Understanding Genetic Analysis
There are three methods of genetic analysis available today. The first way is sequencing, or breaking down your DNA into every single piece of information to spell out everything. It tells you the order of all your genetic information. It requires a lot of money and time to process all of the information. You have about five billion nucleotides (chemical bits of information) in your whole genome. The cost of sequencing the whole genome can be several thousands of dollars. Instead of sequencing the whole genome, some companies will look at specific genes that are a concern for a fraction of the cost. For example, cancer or other genetic disorders. When you sequence a gene you will not miss any information on that gene related to why it might be involved in the cancer. Usually people only do this when they have already had a cancer diagnosis and want to know more about their genetics regarding that particular cancer. If you know you have a particular disorder, the safest way to go is to a specialty company that can tell you exactly what is going on with that by sequencing the genes related to that particular disorder.
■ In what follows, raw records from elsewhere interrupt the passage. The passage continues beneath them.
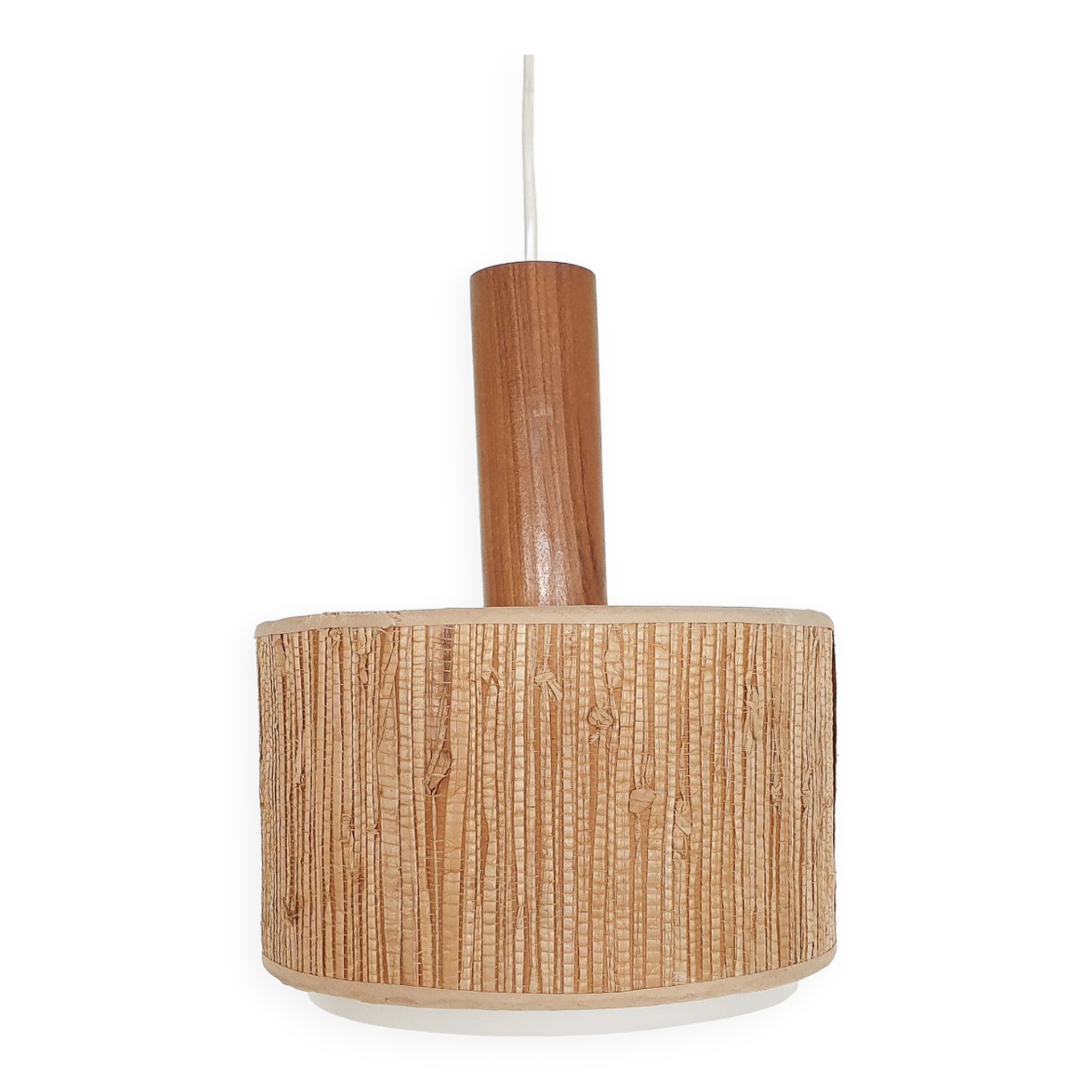 Scandinavian modern rattan pendant light, 1960's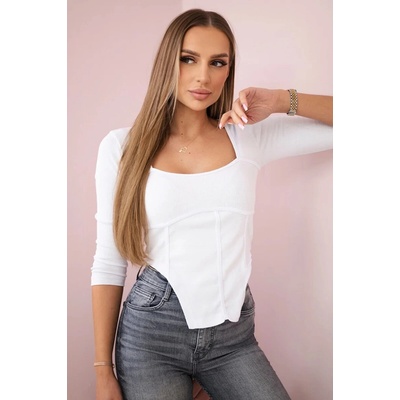 Kesi Žebrovaná halenka Tilly s výstřihem Bílá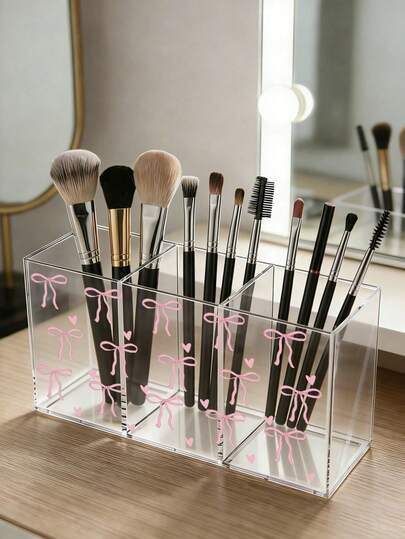 1pc Acrylic Makeup Brush Holder, Pink Bow Design, Can Be Used As Makeup Brush Rack, Bathroom Countertop Storage, Also Suitable For Kitchen, Bedroom, Living Room And Bathroom And Other Locations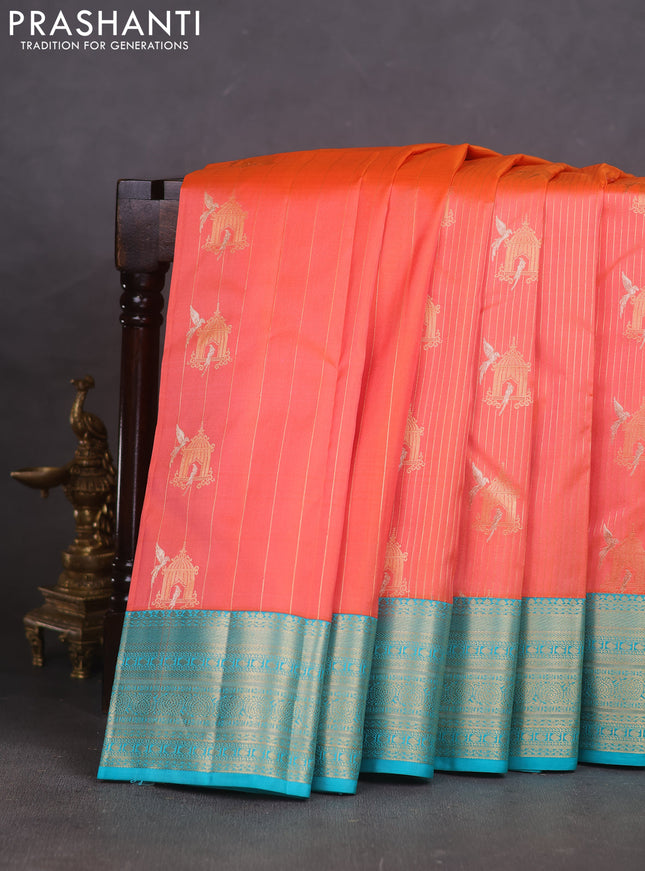 Pure kanchipuram silk saree orange and teal green with allover zari weaves & buttas and zari woven korvai border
The second way to analyze your genetics is called a DNA fingerprint. This isn’t used to determine your health because it doesn’t analyze genes, only parts of DNA that are non-gene coding. Just like a thumbprint is an identifier, your DNA fingerprint is a unique identifier for forensics, paternity tests, disaster identification, and historical investigations. DNA fingerprinting would be a more accurate marker for ancestry instead of population migrations pathways, but is not typically used as such.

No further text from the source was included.